This conclusion and statement is directly in conflict with the statements made by the Director in his statement of objections to S. 2722 filed with the Senate Banking and Currency Committee, wherein he prophesied that if the ports and terminals were not subject to ceiling price regulations of OPS there would be a profound effect upon the economy of the Nation, to its detriment.

In Docket 640 before the United States Maritime Commission, that Commission exhaustively examined and studied, through the services of the chief rate analyst for the California Public Utilities Commission, Mr. Howard Freas, the rates, charges, and rate structure of all of the major California publicity owned ports and privately owned terminals, and, in a report based upon that study, after public hearings, the Commission found that at that time and historically the rates and charges of both publicly owned and privately owned docks and terminals were, and had been for a long time, unreasonably depressed, were noncompensatory, and that the continued existence of those publicly owned ports and privately owned terminals had only continued by reason of subsidies supplied by their operators or by deferring necessary and proper maintenance. An actual study of the situation with reference to rates and charges of ports and terminals, whether publicly or privately owned, throughout the United States, would indicate that those findings, applying to California ports and terminals, can be said to be fairly representative of the entire industry in the United States.

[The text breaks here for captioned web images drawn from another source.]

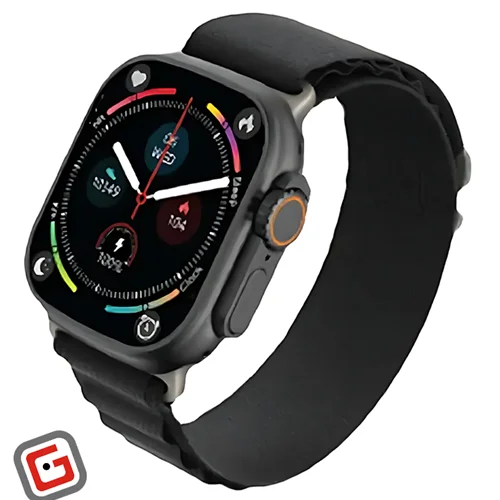 ساعت هوشمند گرین لاین مدل Ultra Amoled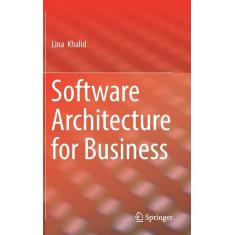 Imagem de Software Architecture For Business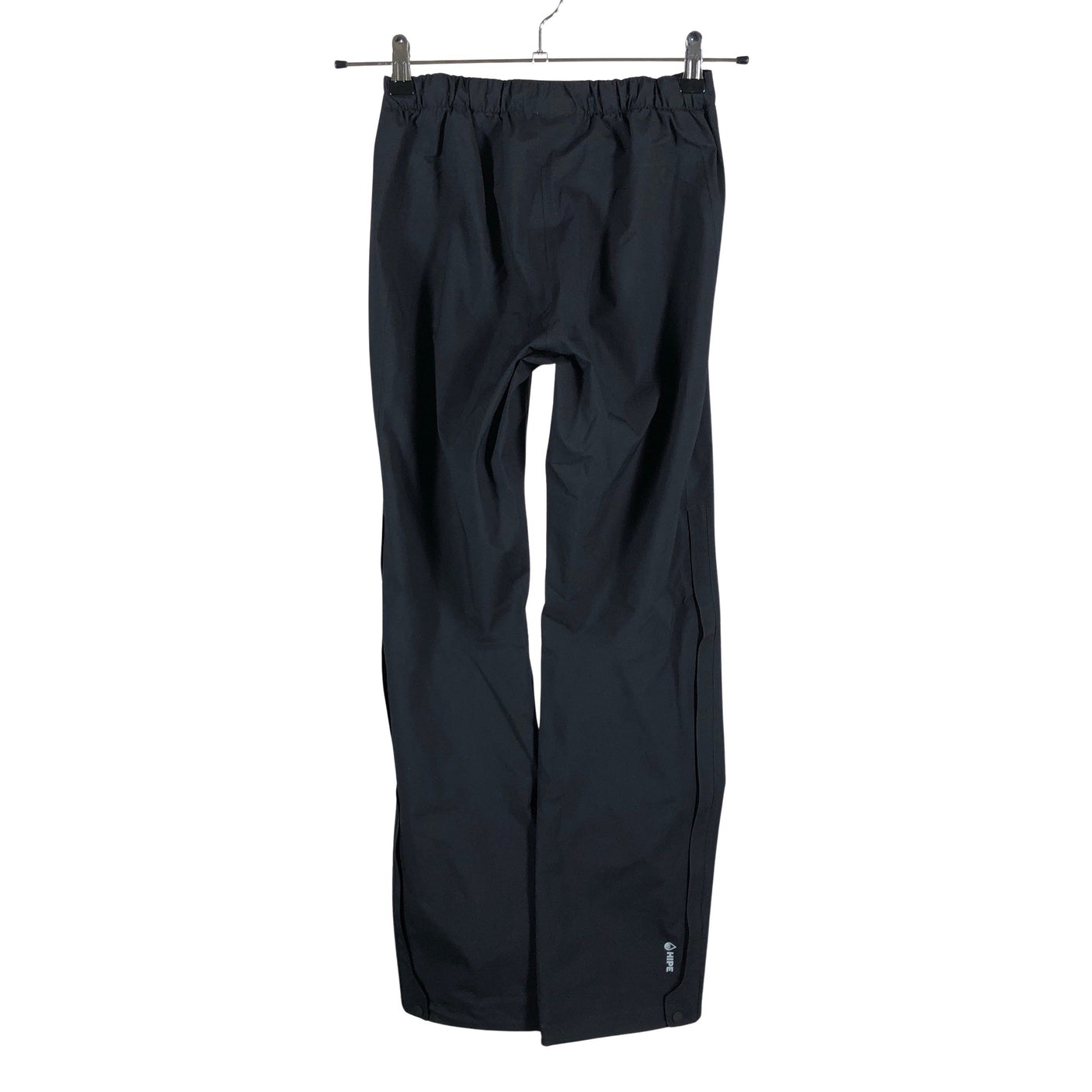 Unisex Peak Performance - Outdoor pants, size 34 - Black (2)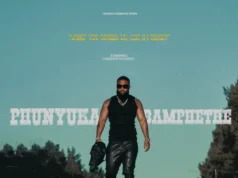 Cassper Nyovest – Phunyuka Bamphethe Cassper Nyovest – Phunyuka Bamphethe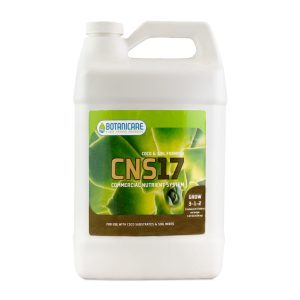 Botanicare Cns17 Grow Coco 1 Gallon
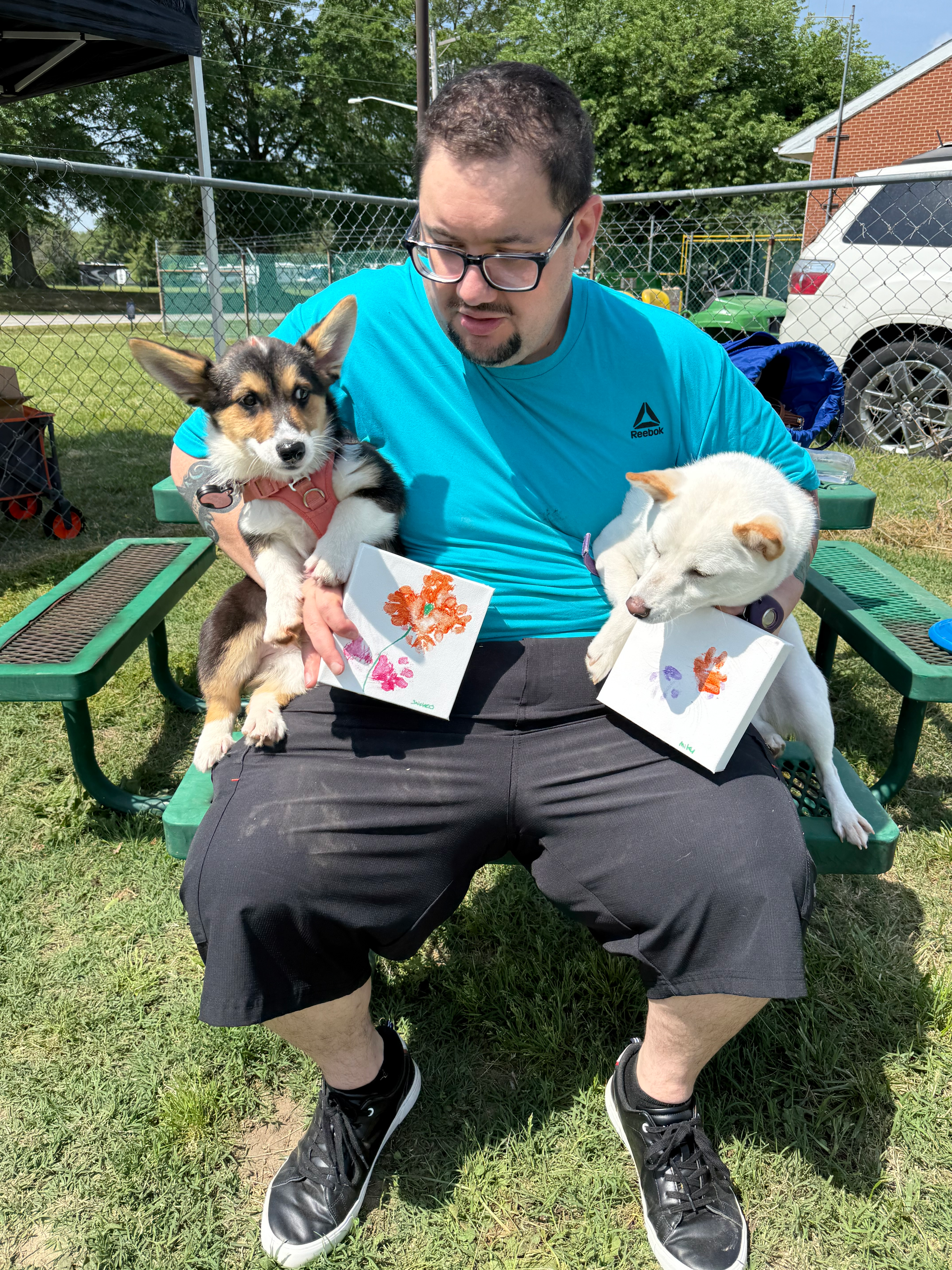 user avatar image for Brandon Fabricante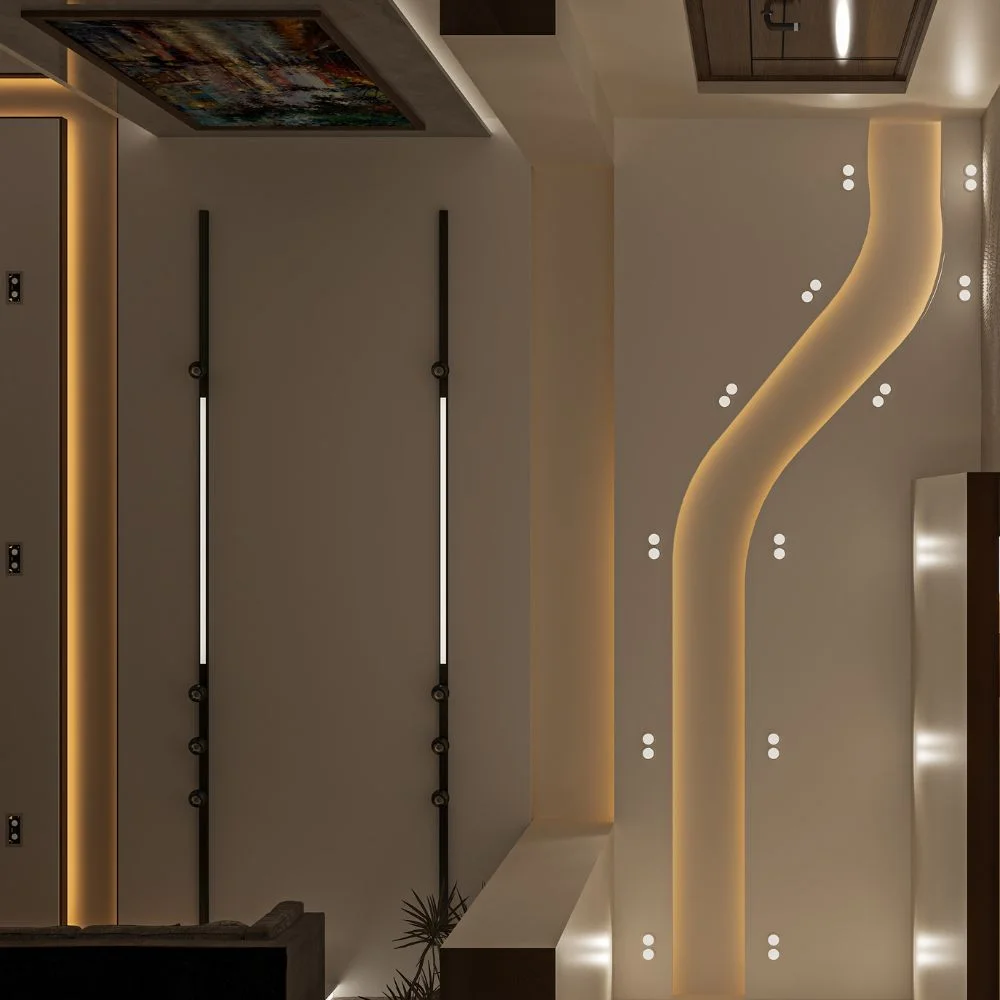 Interior Project:03- Farzana's Neer, Gulshan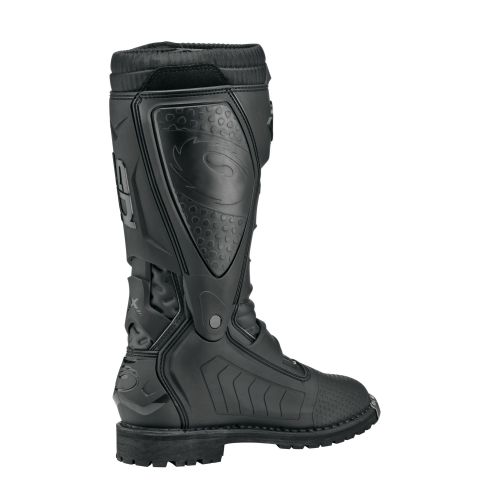 BOTTES SIDI X POWER ENDURO WP NOIR/NOIR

Historically, the rates and charges for ports and terminals in the United States have been chronically low and have been the entire reverse of inflationary.

H. R. 7079 would give congressional recognition, on a more permanent basis, to that which OPS has already by regulation determined it is unnecessary and inexpedient to control. Said bills would also, by removing unequivocally other persons subject to the Shipping Act from ceiling price regulation, place the entire port and terminal industry, all of which industry is subject to the Shipping Act of 1916 and the Federal Maritime Board jurisdiction, on an equal regulatory basis.

IV

Sections 1 and 2 of said bill would so clarify and amend the Defense Production Act of 1950, as amended, as to remedy present inequities, inconsistencies, and discriminations inherent in the present regulations of OPS.